Après Elmer Gantry (1960) pour lequel il remporte l’Oscar du meilleur acteur, Burt Lancaster retrouve Richard Brooks pour un nouveau film ensemble. Le casting est léché : Lee Marvin (Les Inconnus dans la ville, L’Homme qui tua Liberty Valance), Jack Palance (Le Grand Couteau, Attaque), Claudia Cardinale (Huit et demi, Le Guépard avec Burt Lancaster), Robert Ryan (Le Coup de l’escalier, Le Roi des rois, Le Jour le plus long). Avec Vera Cruz (avec Burt Lancaster), Les Professionnels fait partie du tournant moderne du western américain, où les héros n’agissent plus en fonction des valeurs morales et du bien de la communauté mais en fonction de leurs intérêts personnels. Plus réalistes, ces anti-héros sont ici attirés par l’argent et amateurs de femmes. On perçoit même une lueur crépusculaire, quand ils portent un regard désabusés sur leur idéal et sur un monde qui n’est plus le leur – ce qui annonce La Horde Sauvage de Sam Peckinpah. Rythmé, splendide et sexy (Claudia Cardinale…), il s’agit du meilleur western de Richard Brooks (La Dernière chasse, La Chevauchée sauvage), nommé à l’Oscar du meilleur réalisateur, meilleur scénario et meilleure photographie.

LORD JIM

– 21h : Lord Jim (Richard Brooks – 1965 – 156 minutes)

avec Peter O’Toole, James Mason, Curd Jürgens, Eli Wallach, Daliah Lavi, Jack Hawkins, Paul Lukas

Un officier de la marine, rongé par la honte d’avoir abandonné son navire en pleine tempête, tente d’expier sa faute en combattant pour la libération du peuple du Patusan, en Asie du sud-est.

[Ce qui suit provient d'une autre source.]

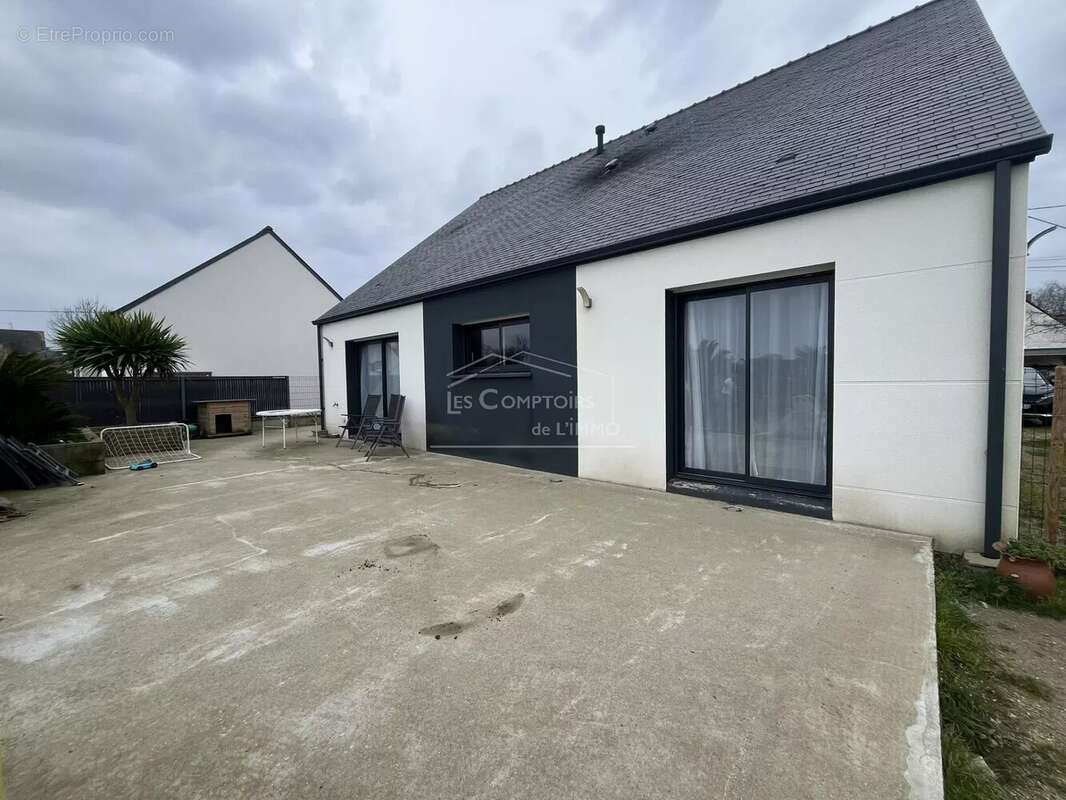 Maison à PONTCHATEAU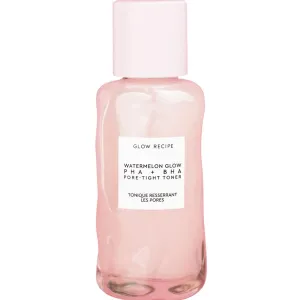 Glow Recipe Mini Watermelon Glow BHA   PHA Pore-Tight Facial Toner 1.35 oz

Les romans de Joseph Conrad fascinent les cinéastes par leur difficulté à être adaptés au cinéma – Francis Ford Coppola en sait quelque chose avec Apocalypse Now. Lord Jim avait déjà été adapté en 1925 par Victor Flemming (Le Magicien d’Oz, Autant en emporte le vent). Richard Brooks retente l’aventure avec un casting de star : Peter O’Toole (le mythique Lawrence d’Arabie), James Mason (Pandora, La Mort aux trousses, Lolita), Eli Wallach (Les Désaxés, Les Sept mercenaires, Le Bon, la brute et le truand), Jack Hawkins (Ben-Hur, Le Pont de la rivière Kwaï, Lawrence d’Arabie), Curd Jürgens (Et Dieu… créa la femme, La Bataille d’Angleterre, L’Espion qui m’aimait). Comme plus tard pour Apocalypse Now, le tournage au Cambodge fut particulièrement catastrophique, entre le climat, la faune d’insectes et de serpents, et les tensions politiques avec le régime de Sihanouk qui se rapprochait avec l’URSS et la Chine. Mais les décors naturels sont à tomber par terre, à commencer par les ruines d’Angkor. L’esprit du roman de Conrad est merveilleusement restitué, centré sur le dilemme intérieur de Lord Jim autour de la faute impardonnable, de la quête de seconde chance et de l’impossible rédemption, même quand elle est à portée de main. Le film, sombre et désespéré, fut néanmoins un cuisant échec commercial et critique, mais est quand même devenu par la suite un film culte, habité par la jungle poisseuse asiatique et Peter O’Toole dans un de ses tout meilleurs rôles.

15 mars 2015 : Ciné-club thriller sous-marin

LES GRANDS FONDS

– 19h : Les Grands Fonds (Peter Yates – 1977 – 124 minutes)

avec Robert Shaw, Jacqueline Bisset, Nick Nolte, Louis Gossett, Eli Wallach

Un jeune couple en vacances aux Bahamas découvre en plongée dans une épave des bijoux et des bouteilles de morphine.

Adapté d’un roman de l’auteur des Dents de la mer (Peter Benchley), Les Grands Fonds se passe lui aussi en majorité dans l’eau, plus précisément sous l’eau. Cette chasse au trésor sous-marine est orchestrée par Peter Yates (Bullitt), qui nous gratifie de superbes scènes de plongée, très oniriques et innovantes pour l’époque (la photographie fut nommée aux British Academy Film Awards). Le tournage fut d’ailleurs très loin des normes de sécurité modernes, puisque les acteurs durent tourner sans doublures en présence de requins attirés par de la viande rouge et sanglante ! Autre merveille naturelle, l’irrésistible plastique de Jacqueline Bisset (Casino Royale, Bullitt, Airport) est particulièrement mise en valeur durant les scènes de plongées, à tel point que cela inspirera les fameux concours de T-shirt mouillés ! Nick Nolte (48 heures ; le remake des Nerfs à vif) fait ses débuts en premier rôle, tandis que Robert Shaw était déjà au casting des Dents de la mer, et Louis Gosset jouera dans Les Dents de la mer 3). A la bande-son on retrouve l’impérial John Barry (James Bond, Out of Africa, Danse avec les loups), ainsi que Donna Summer pour « Down, Deep inside » (un hit disco qui fut nommé au Golden Globe de la meilleure chanson). Grand succès commercial, Les Grands Fonds est un excellent thriller original et palpitant, qui donne envie d’aller barboter aux Bermudes !

 L'AVENTURE DU POSEIDON

– 21h : L’Aventure du Poséidon (Ronald Neame – 1972 – 117 minutes)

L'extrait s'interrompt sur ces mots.